With both taken care of we then confirm the changes actually happened via “SeaChest_PowerControl -d PDx –showEPCSettings”.
This will spit out another pretty little info list on that drive. Scan the ‘Current Timer’ column and make sure it is all zeros.
To confirm type in “SeaChest_PowerControl -d PDx -i” and confirm it for the power control features as well. Though you may have to reboot your system before doing this one as sometimes it needs a hard reset to set the changes (and a big reason we use an external enclosure which is faster to reboot than an entire system). To be on the safe side, reboot then type in that last command at an elevated command prompt.

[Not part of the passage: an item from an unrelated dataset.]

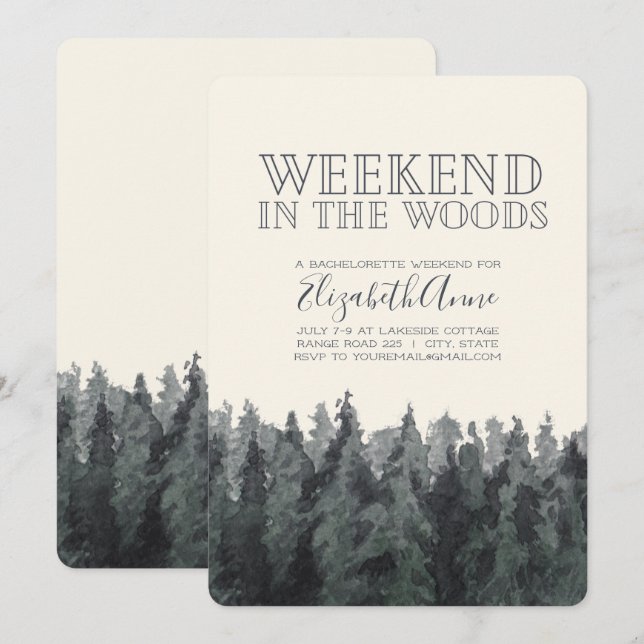 Week-end dans la Woods Party Invitation (Devant / Derrière)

So what did we just do? We told the drive to ignore all lower power state timers. So it will never, ever park the heads (idle B), slow down the spindle speed (idle C), nor set the controller to a lower power state and stop spinning the platters (StandbyZ). It will run all the time, 24/7/365. Just the way a hard disk drive should in a home environment where a couple watts of power consumption and heat production does not matter. For home NAS devices… we do the same if they are being used at least weekly. It is only in business environment that it makes sense to really dial things in… ish. We say ‘ish’ as the wear ‘n’ tear on the drives from spinning 24/7 is less than constant park/unpark and a lot less than a cold startup… which Standby Z basically requires. However, the savings in power (and cooling) may offset the increase in parts replacement costs. Thus the ‘ish’ as it is a decision that needs to be done on a case-by-case basis.

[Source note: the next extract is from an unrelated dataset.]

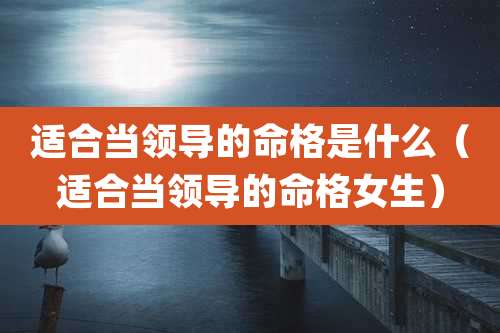 适合当领导的命格是什么（适合当领导的命格女生）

If you find the drive is still a bit annoying (we don’t but maybe you are overly sensitive to the frequencies they produce) before you close down the elevated command prompt… type in “SeaChest_PowerControl -d PDx –showAPMLevel”
This will tell you what the APM is set to. APM stands for Advanced Power Management and its job is to balanced acoustics vs. performance. A setting of 254 max performance / max noise, 128 is balanced between the two, 1 would be ultra-low performance but also extremely quiet etc. etc. etc.
If its 254 try lowering it via “SeaChest_PowerControl -d PDx –setAPMLevel 128”. And run it at that for a while. If the noise is better, you will have to either download a APM setting program to run every time you reboot or do up a simple batch file to the same thing… as Windows is a petty dictator who thinks it knows better than you and will override your wishes on the next OS restart. For home NAS and servers we typically just disable it via a simple batch file that has “SeaChest_PowerControl -d PDx –disableAPM” in it. These types of ‘issues’ are the downside to using business grade drives in a home environment. Personally, a few moments work is more than worth the decreased cost and increased durability. Your mileage may vary.